Dalla seconda edizione inglese (1864) cambia la copertina che resta invariata nelle edizioni successive.
Il libro risulta ristampato più volte negli ultimi dieci anni, in brossura un po’ sciatta da fascicolo economico, con l’immagine classica virata in rosa-violetto, con evidente quanto inopportuno richiamo psichedelico.
Esiste anche un’ antica edizione tedesca intitolata Brown’s Kleur-visioenen met een woord ter aanwijzing en verklaring, edita da Leeuwarden Hugo Suringar nel 1866. La copertina è quella ufficiale delle edizioni successive alla prima, ovviamente cambiano le scritte.
Se siete così stoici da avermi seguito fin qui senza sbadigliare consentitemi anche di azzardare due ipotesi per la variazione dell’immagine di copertina:
a) l’edizione inglese ha la copertina blu-verde fin dalla prima tiratura, cambiata dall’editore americano con una efficace manovra di marketing per rendere il libro più spettacolare (dunque più consono al pubblico degli USA).
b) la prima edizione inglese ha la copertina che poi è rimasta nelle edizioni americane. Il signor J.H.Brown protesta con l’editore perché l’immagine induce a pensare gli acquirenti distratti (quelli come me) che si tratti di un libro a favore dello spiritismo e dell’evocazione di chissà quali entità; i due giungono ad una copertina compromesso, leggermente ridimensionata nell’aspetto spettrale, insomma meno terrificante ma pur sempre molto evocativa.

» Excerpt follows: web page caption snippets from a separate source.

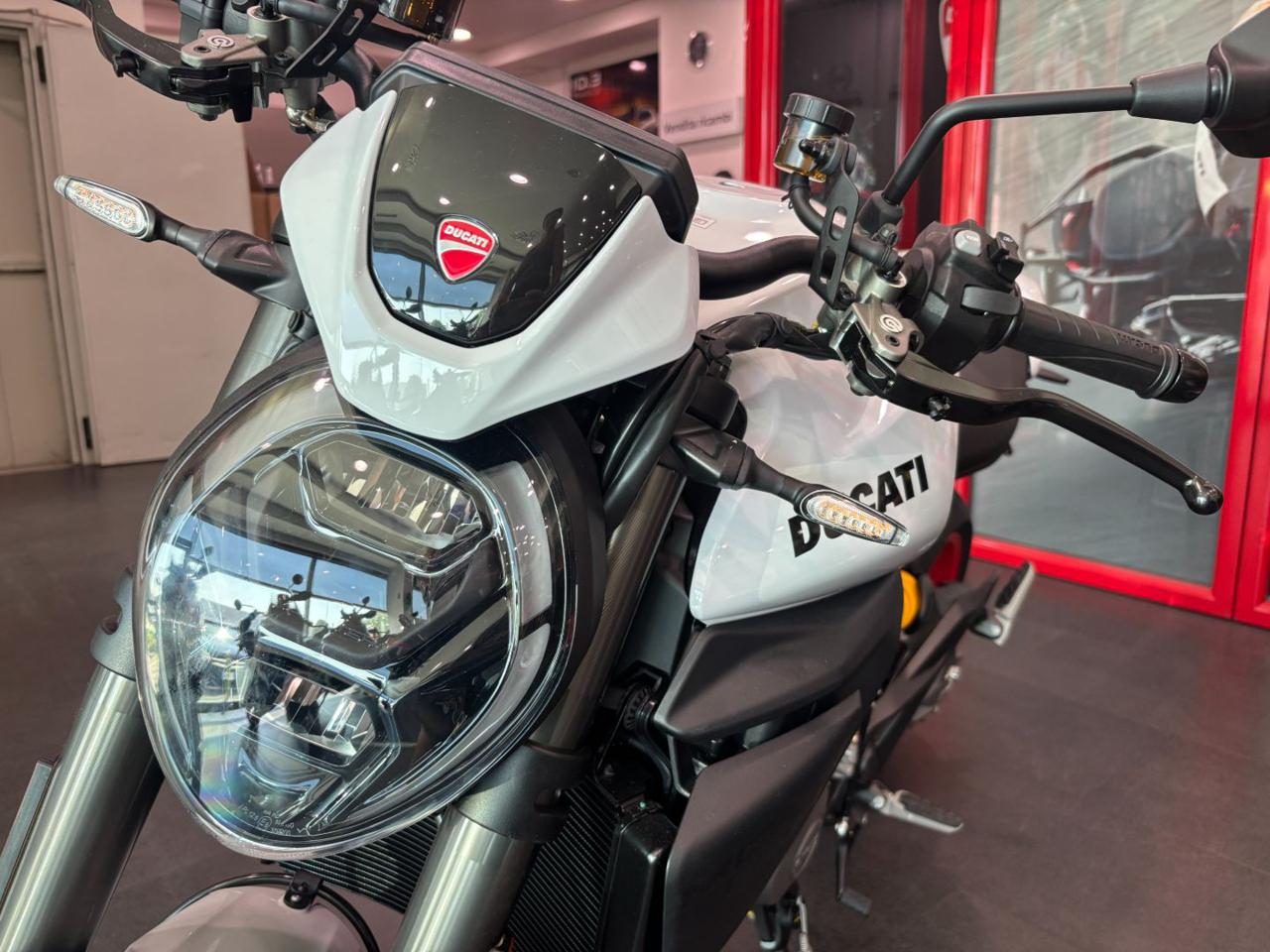 DUCATI Monster 800 PLUS ICEBERG WHITE - 3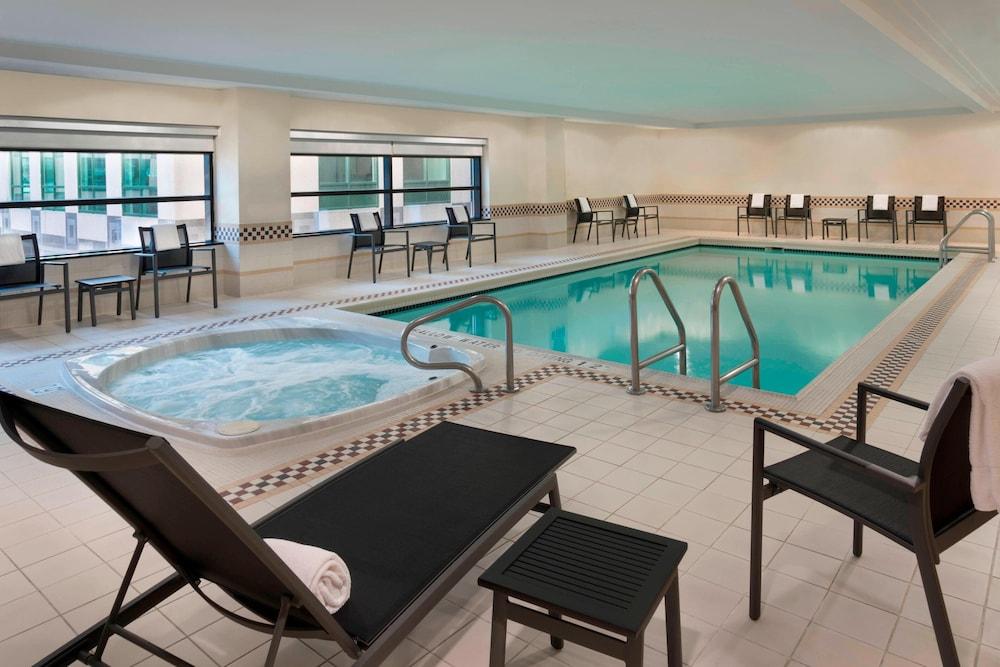 Residence Inn by Marriott Toronto Downtown / Entertainment District - Pool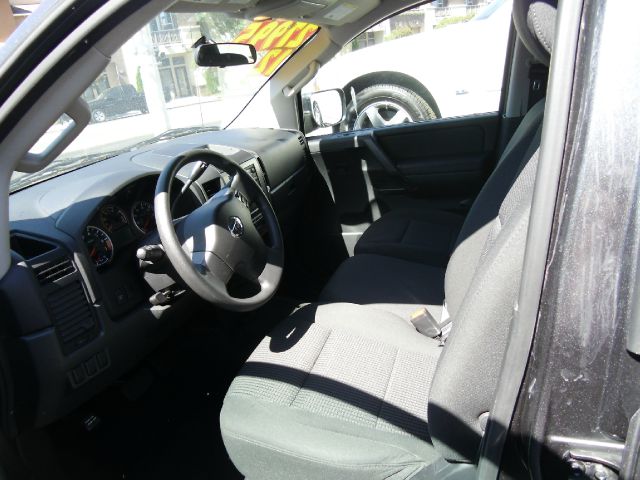 2012 Nissan Titan LE V6 AUTO (natl)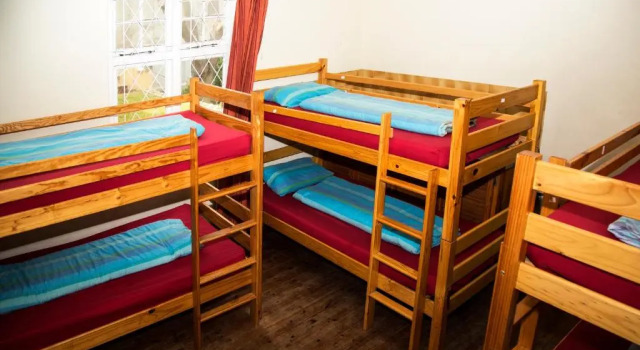 Кровать в общем номере Jikeleza International Backpacker Lodge
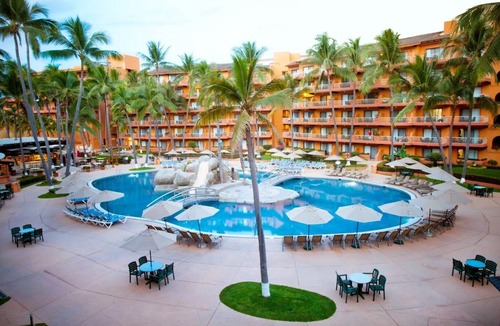 El Medano Ejidal Condo | Villa Del Palmar - Loreto, Puerto Vallarta or Cabo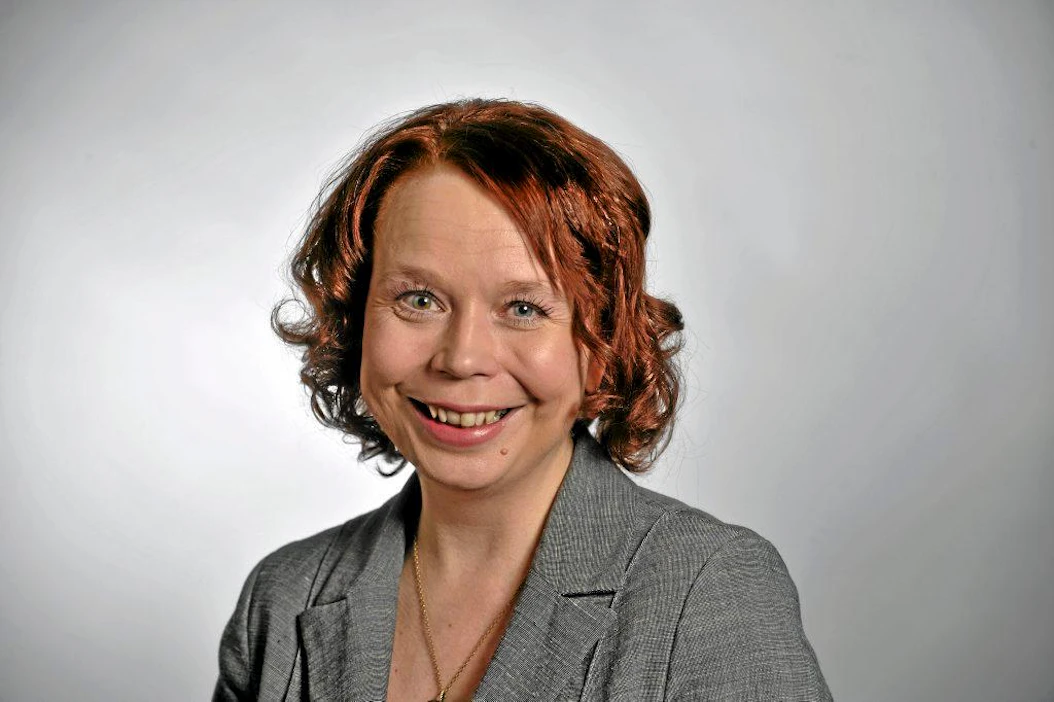 Kansanedustaja Pia Viitanen (Sdp) eduskunnassa Helsingissä 26. huhtikuuta 2011.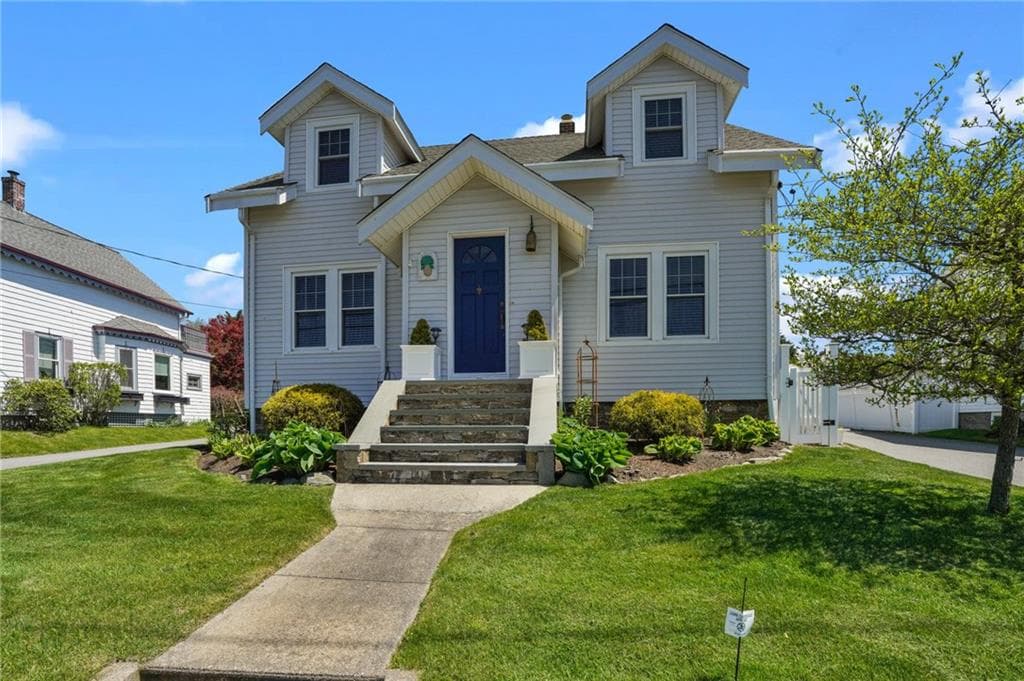 667 Aquidneck photo 2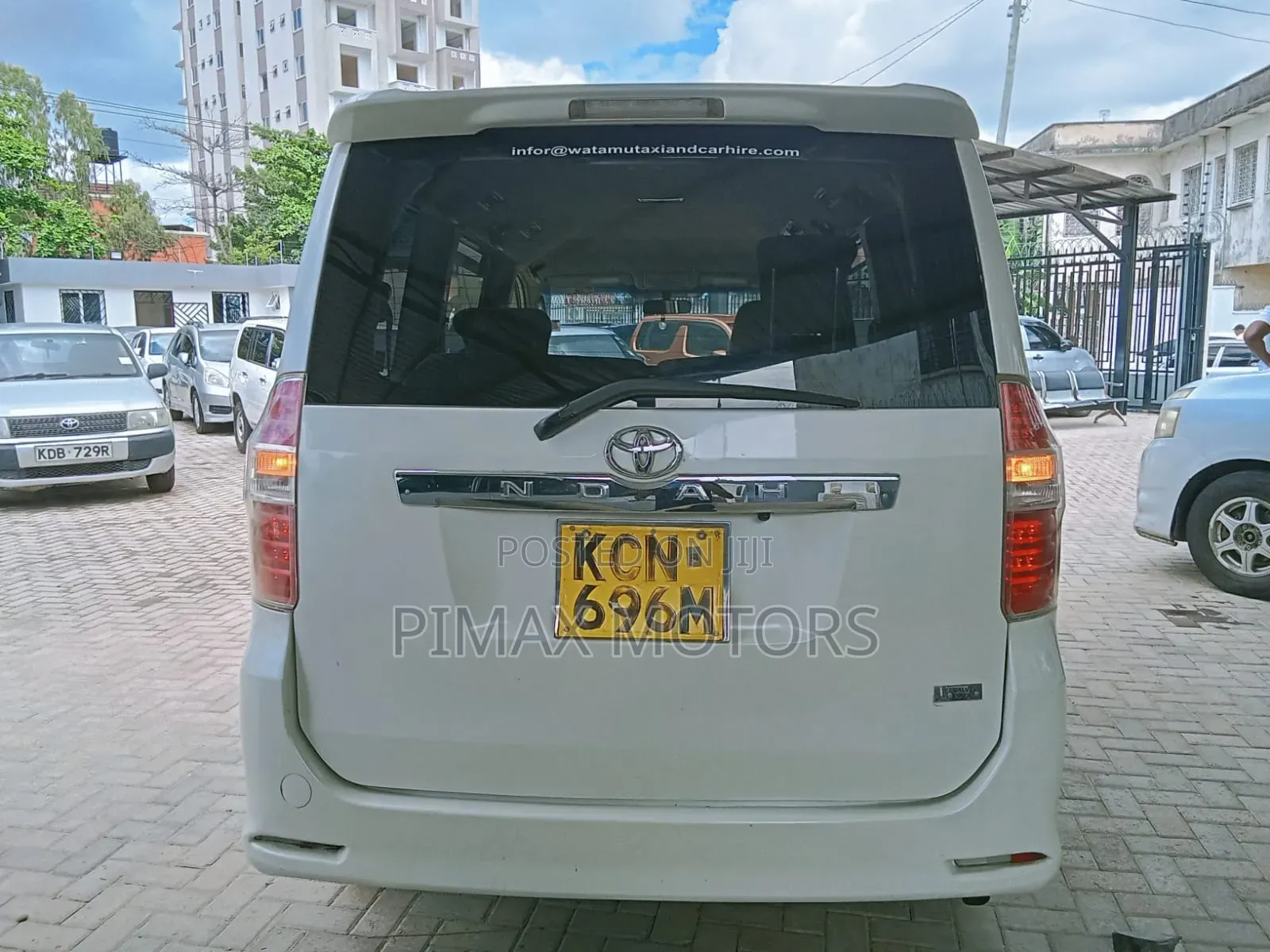 Toyota Noah 2012 White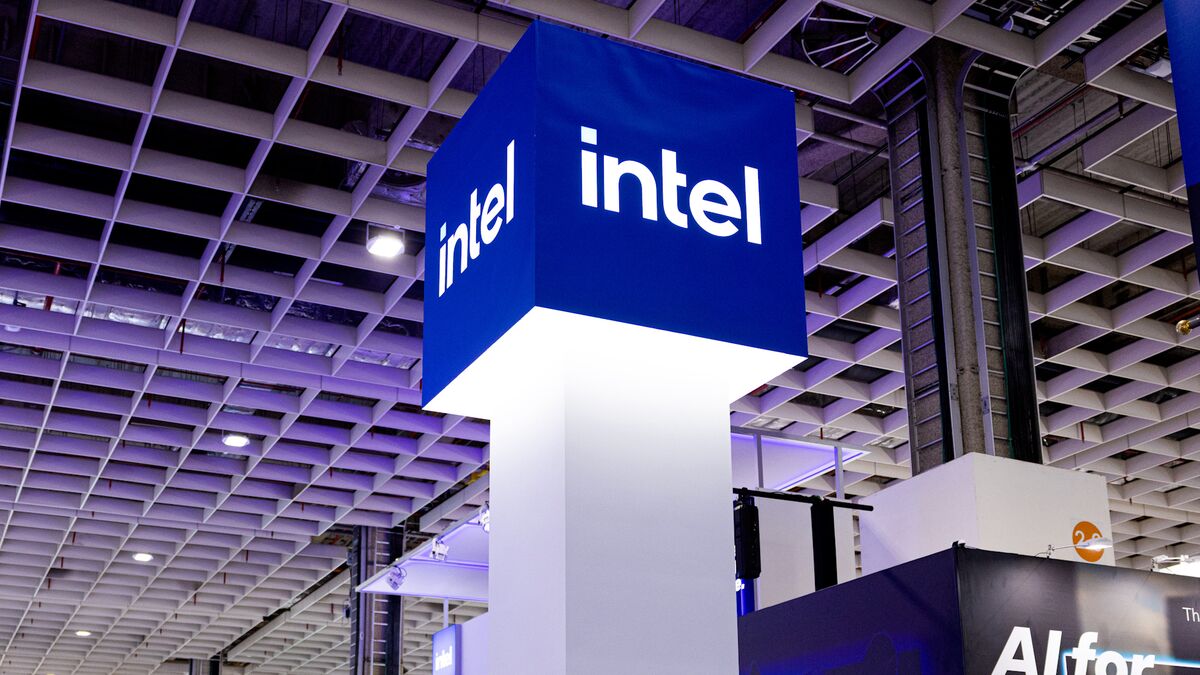 US Government Eyes Stake in Intel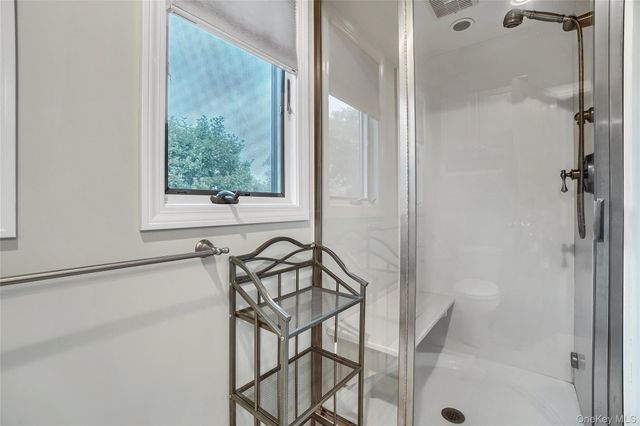 6 Emily Lane, Monroe, NY 10950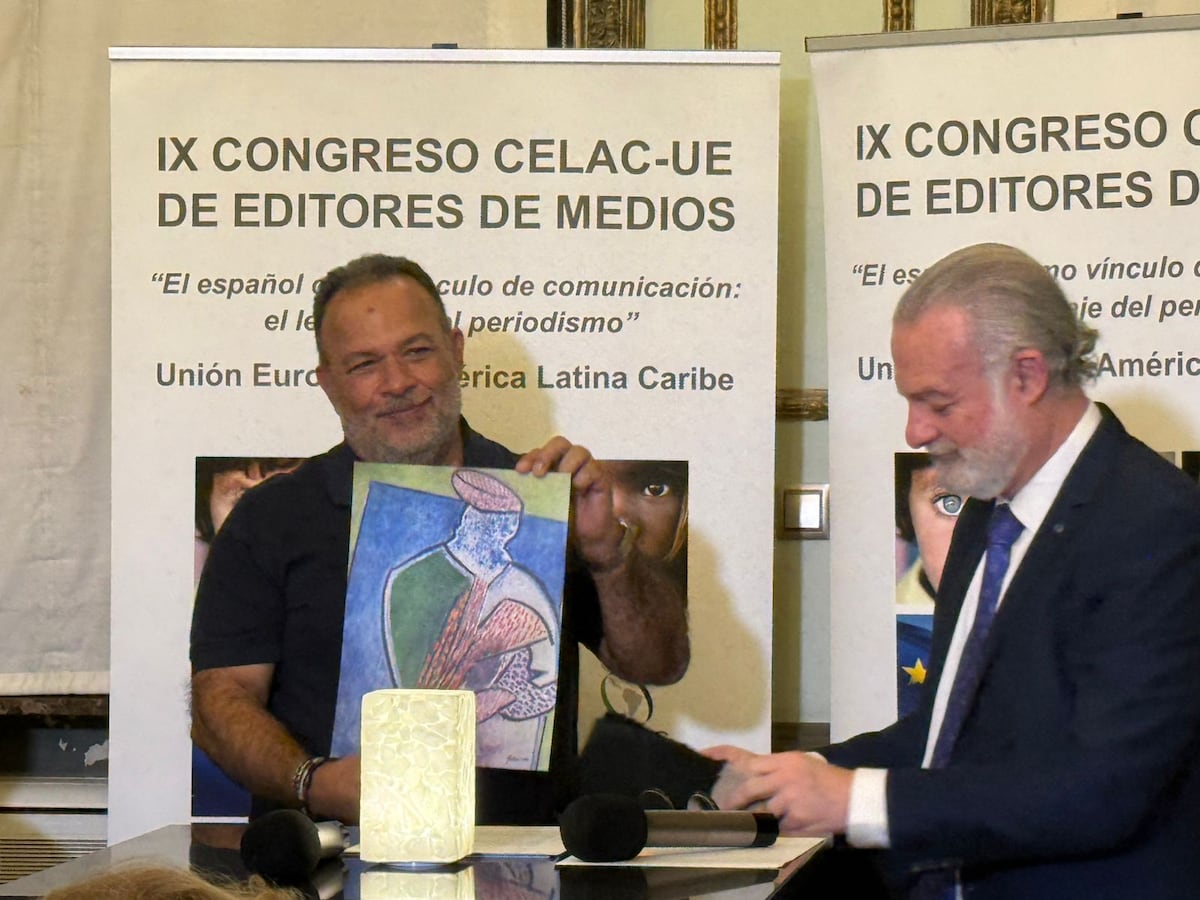 Rolando Rodríguez es reconocido  en congreso de editores de medios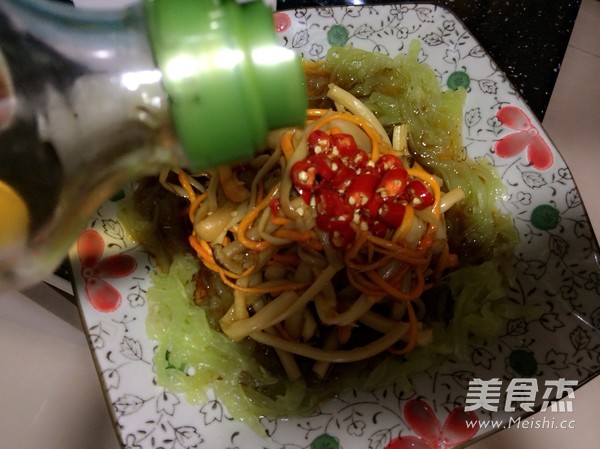 Cordyceps Flower Tea Tree Mushroom Mix Lettuce Shreds recipe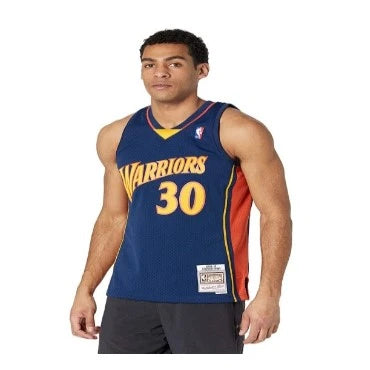 4-basketball-gift -ideas-jersey-warriors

Comunque siano andate le cose il tempo ha dato ragione all’editore. Del signor J.H.Brown nessuno sa più niente (ho fatto ricerche su di lui e non sono riuscito a reperire notizia alcuna) mentre la copertina del suo libro, sebbene in seconda versione, viene oggi riprodotta per il mercato inglese, americano ed anche italiano in vari formati ed in stampe di alta qualità, perfino su tela, come immagine da appendere, se richiesto già incorniciata.
01. Danilo
In effetti ci vuole moooolta pazienza per arrivare fin qui… ma la tua appassionata passione passionevole per questi libri …”libri”?? E’ riduttivo… li fai apparire come vere e proprie “opere d’arte”, vive nei secoli dei secoli affidate ora al grande magma infinito (ed eterno) di internet… e per chi, come me, non è certo una cima in fatto di !arte! rimane solo una cosa da dire.. GRAZIE 🙂
02. Giorgio Perlini
Grazie a te Danilo. Non sono io che li faccio apparire opere d’arte, sono coloro che li hanno scritti ed illustrati ad aver creato opere straordinarie, io mi lascio semplicemente coinvolgere.